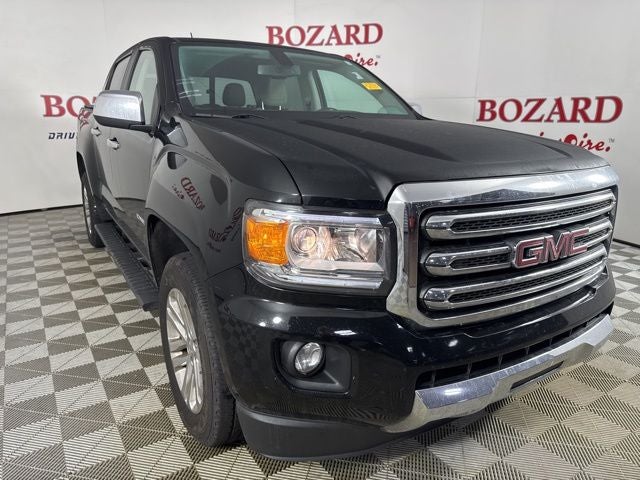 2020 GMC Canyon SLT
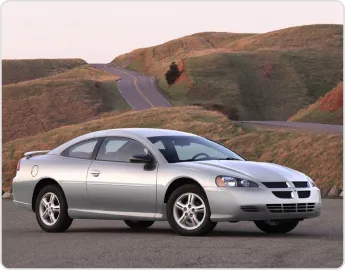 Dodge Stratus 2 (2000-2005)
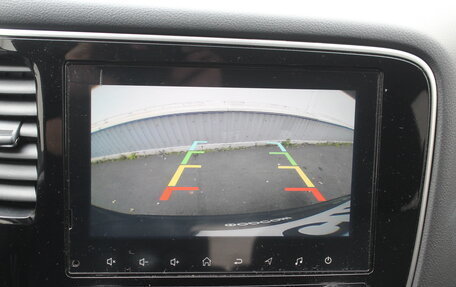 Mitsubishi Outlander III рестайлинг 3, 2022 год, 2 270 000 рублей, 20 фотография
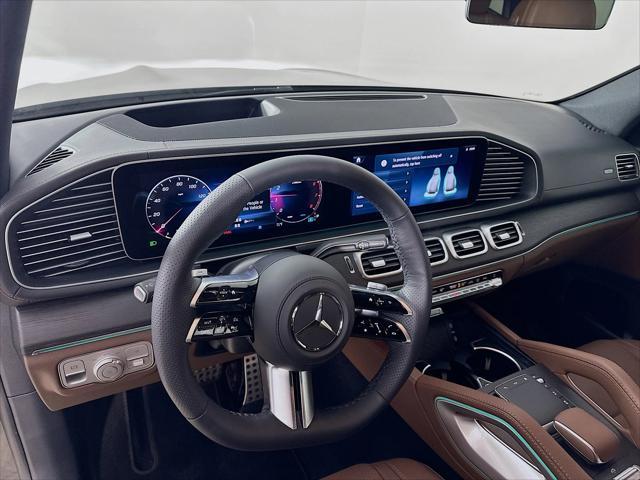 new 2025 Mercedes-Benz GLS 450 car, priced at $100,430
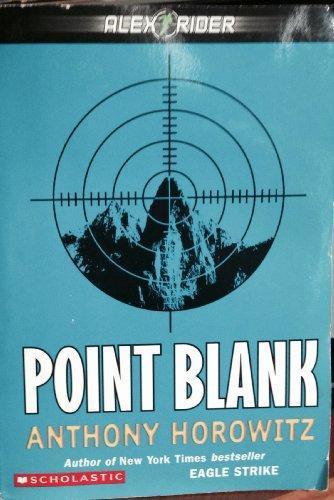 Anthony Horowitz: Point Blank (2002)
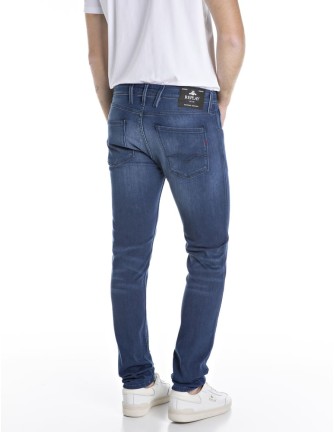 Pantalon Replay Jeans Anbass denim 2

--

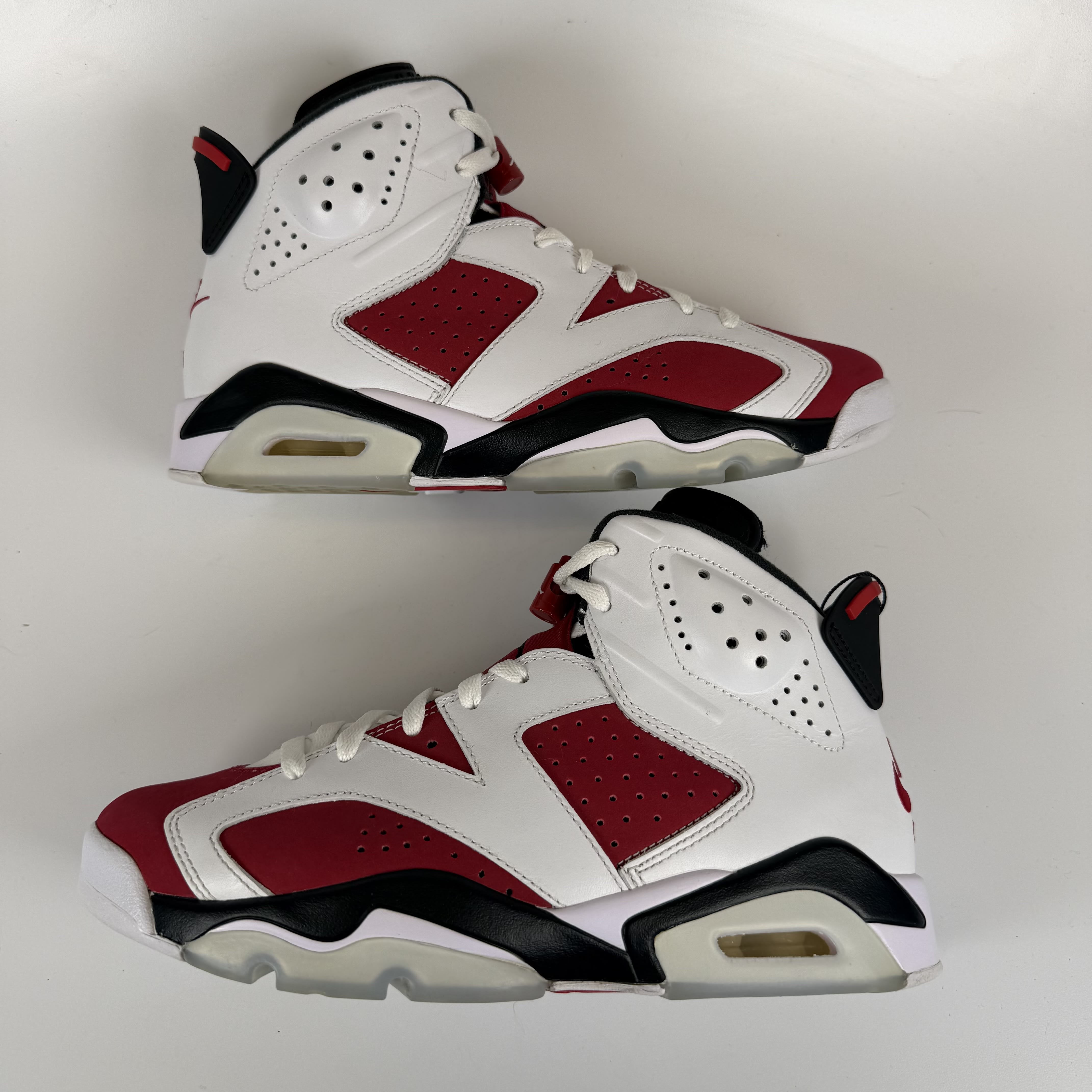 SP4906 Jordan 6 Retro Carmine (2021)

What you should do:
The lines to copy exactly start with the line above that has "2020 GMC Canyon SLT" and go on through the line that has "Pantalon Replay Jeans Anbass denim 2"; please include both, add nothing else, and omit the pictures.

Reply to the task:
 2020 GMC Canyon SLT
 Dodge Stratus 2 (2000-2005)
 Mitsubishi Outlander III рестайлинг 3, 2022 год, 2 270 000 рублей, 20 фотография
 new 2025 Mercedes-Benz GLS 450 car, priced at $100,430
 Anthony Horowitz: Point Blank (2002)
 Pantalon Replay Jeans Anbass denim 2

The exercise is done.